Tony Ludovico’s is the only Alfa 6 2.0 6C in the UK


MAN & MACHINE You sixy thing


Six carburetors? Now, why would you do that, instead of using a trio of twin-chokes? ‘It’s the Italians,’ says Tony Ludovico, himself second-generation English but who has run cars from his father’s homeland all his life, ‘they like to make things confusing.’

When the Alfa 6 executive sedan, the first car to use the legendary Busso V6, was facelifted in 1983 following its 1979 launch, it received L-Jetronic fuel injection… except for the new tax-break 135bhp two-litre version, of which Tony’s is the only one in the UK. that carried on with the six single Dell’Ortos, packed like sardines in the vee. Why? Why not? It does imbue the creamy V6 with a deliciously crisp top note, though Tony admits that with just 130lb ft delivered at a rather high 4500rpm it’s a revver not a stonker. ‘It’s not that fast,’ he says.

His car is almost impossibly immaculate for an Alfa sedan of this age, most of which have rotted away. It’s had a few bits of paint, for sure, but there’s Waxoyl everywhere – rare for Italy – and it was obviously a cherished car specced from new with air-con, metallic paint and the optional dog-leg ZF five-speed on top of the standard power steering, all-round disc brakes, limited-slip differential, power windows and mirrors, and central locking.

It still wears its original Tamburini dealer sticker in the back window, and Tony is in effect only the second owner after the car came out of 17 years of storage, having been supplied new to Camucia in Tuscany. Even the Michelin XVS on the spare may be the original, bearing a 333 date stamp. Sharing chassis mechanicals with the Alfetta and GTV, only 1771 of the small-capacity 6Cs were built compared with more than 7300 2.5s.

‘I’d gone to look at a Fiat 130 sedan,’ he says. ‘But then I spotted this in the corner.’ It had only just arrived at Essex dealer Classics & Cabriolets, and needed to be recommissioned with new belts and put back on the road. ‘I drove it 100 miles home. It had been in storage for 17 years sol panicked a bit, but it was the best experience. When I got it home, my brother drove it past me a couple of times. “Keep it in second and give it some welly,” I said.’

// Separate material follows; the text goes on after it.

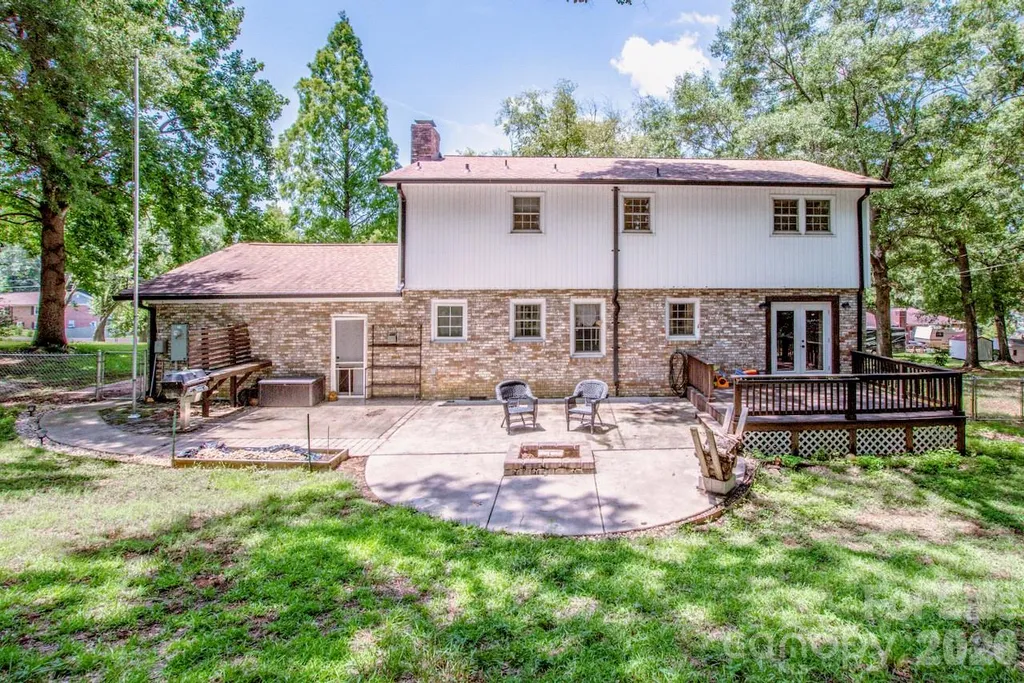 734 Willow Lane Harrisburg NC 28075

Ludovico’s first car, at the age of 20, was a Fiat 131 Sport in orange which he kept for seven years until it was run into by a council truck. His ninth is an Alfa-Romeo 164 Cloverleaf show car. the 6 will probably go the same route and wears repro engine-bay stickers sourced from the Alfa Club, but, he says: ‘A lot of parts are very hard to find.’ those six carburettors make it easy to flood the engine and drown the plugs, so the wise Alfa 6 owner always travels with a spare set and a suitable socket spanner. But this serial Italian owner remains impressed by the car’s luxurious appointments, even if it took him a while to find the filler cap (behind a discreet flap on the right C-pillar) and the bootlid lock (hiding under an innocuous swing-flap next to the Alfa badge). ‘Just look at the luxury for its time; even the ashtrays in the door handles. It’s a real Mafia car.’